Question 1. What is the area of an equilateral triangle having altitude equal to \( 2\sqrt{3} \) cm?
(a) \( \sqrt{3} \)cm²
(b) \( 2\sqrt{3} \)cm²
(c) \( 3\sqrt{3} \)cm²
(d) \( 4\sqrt{3} \)cm²
Answer: (d) \( 4\sqrt{3} \)cm²
Altitude \( h = \frac{\sqrt{3}}{2} \times \text{side} \)
We are given \( h = 2\sqrt{3} \) cm.
So, \( \frac{\sqrt{3}}{2} \times \text{side} = 2\sqrt{3} \)

\( \implies \) Side \( = \frac{2 \times 2\sqrt{3}}{\sqrt{3}} \)

\( \implies \) Side \( = 4 \) cm
Now, the area of an equilateral triangle \( = \frac{\sqrt{3}}{4} \times \text{side}^2 \)

\( \implies \) Area \( = \frac{\sqrt{3}}{4} \times 4^2 \)

\( \implies \) Area \( = \frac{\sqrt{3}}{4} \times 16 \)

\( \implies \) Area \( = 4\sqrt{3} \text{ cm}^2 \) A unique property of equilateral triangles is that their altitudes also serve as medians and angle bisectors.
In simple words: First, use the given altitude to find the length of one side of the triangle. After you have the side length, use the formula for the area of an equilateral triangle to find the final answer.

🎯 Exam Tip: Remember the formulas for the altitude \( \left( \frac{\sqrt{3}}{2} \times \text{side} \right) \) and area \( \left( \frac{\sqrt{3}}{4} \times \text{side}^2 \right) \) of an equilateral triangle. They are key to solving such problems quickly.

Question 2. The altitude of an equilateral triangle is \( \sqrt{3} \) cm. What is its perimeter?
(a) 3 cm
(b) \( 3\sqrt{3} \) cm
(c) 6 cm
(d) \( 6\sqrt{3} \) cm
Answer: (c) 6 cm
The formula for the altitude of an equilateral triangle is \( h = \frac{\sqrt{3}}{2} \times \text{side} \).
Given altitude \( h = \sqrt{3} \) cm.
So, \( \frac{\sqrt{3}}{2} \times \text{side} = \sqrt{3} \)

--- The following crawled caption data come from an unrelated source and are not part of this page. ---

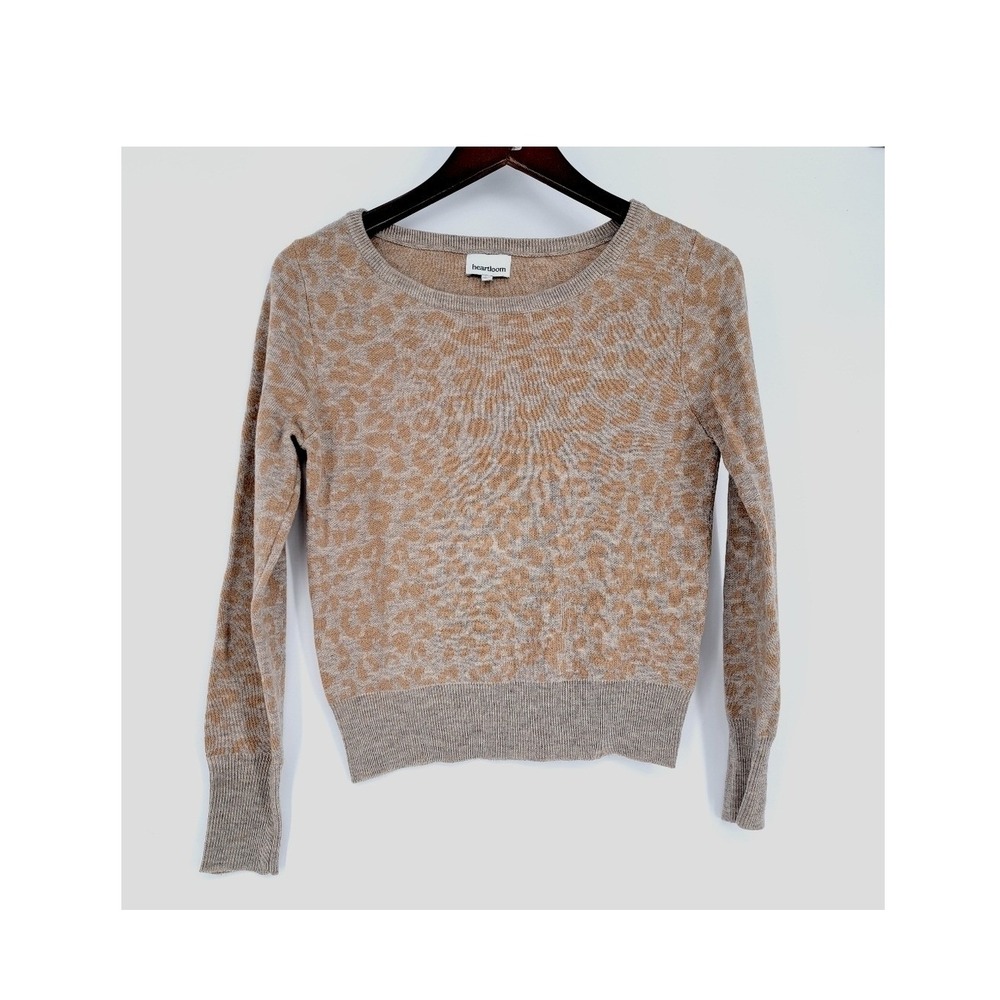 Heartloom Sweater Women XS Tan Leopard Print Crew Neck Long Sleeve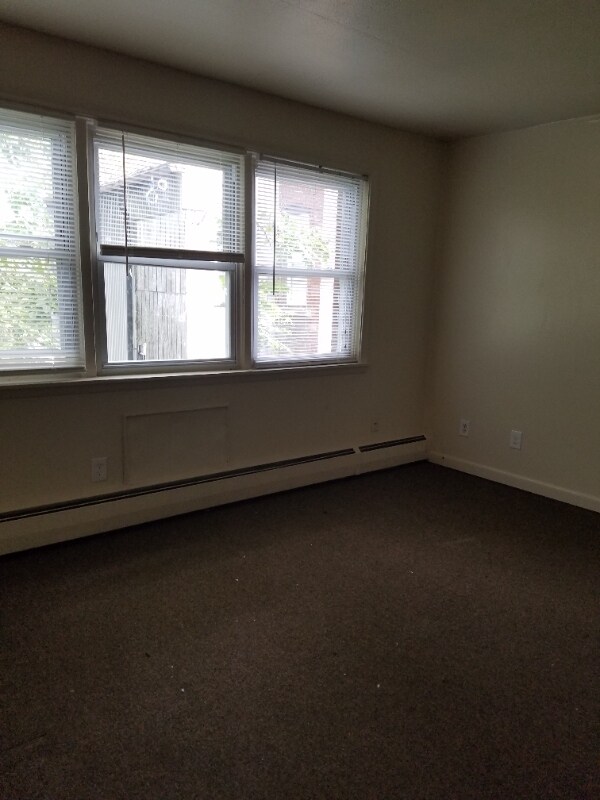 Building Photo - 417 Zion St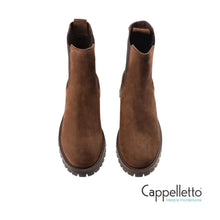 Carica l'immagine nel visualizzatore di Gallery, CPH 850 Chelsea Donna in Suede Nocciola

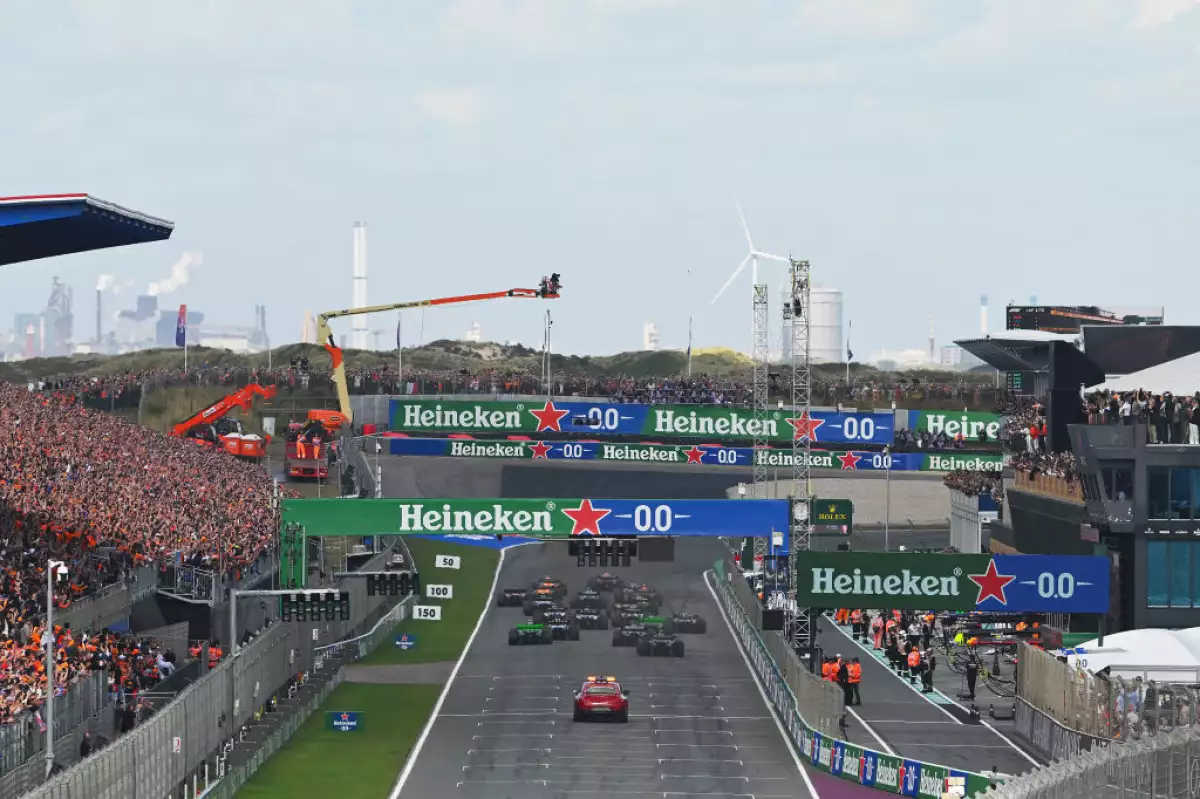 Foto de los autos de F1 en formación antes de iniciar la carrera del GP de Países Bajos.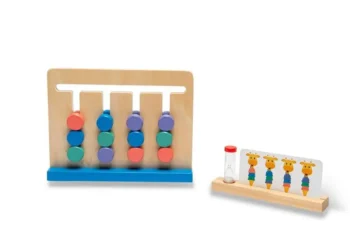 Drewniana gra logiczna z kolorowymi klockami i zegarem piaskowym dla dzieci. BS Toys drewniana gra logiczna Wyzwanie Żyrafy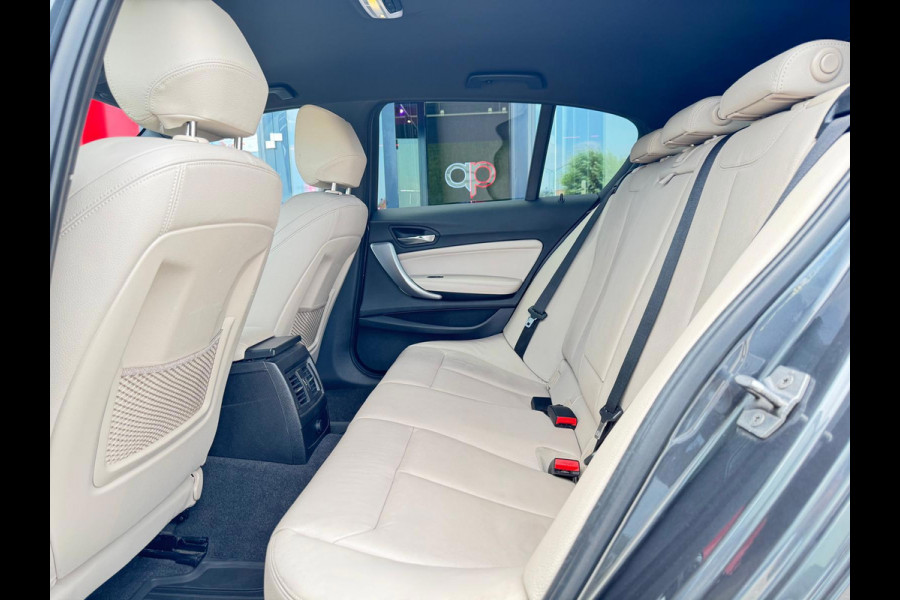 BMW 1-serie M140i xDrive High Executive LCI 2 | Leder | Keyless Entry | Maxton | Stoelverwarming |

\( \implies \) Side \( = \frac{2 \times \sqrt{3}}{\sqrt{3}} \)

\( \implies \) Side \( = 2 \) cm
The perimeter of an equilateral triangle is \( 3 \times \text{side} \).

\( \implies \) Perimeter \( = 3 \times 2 \)

\( \implies \) Perimeter \( = 6 \) cm. Equilateral triangles have three equal sides and three equal angles, each 60 degrees.
In simple words: Use the given altitude and its formula to figure out how long one side of the triangle is. Once you have the side length, multiply it by 3 to find the total distance around the triangle.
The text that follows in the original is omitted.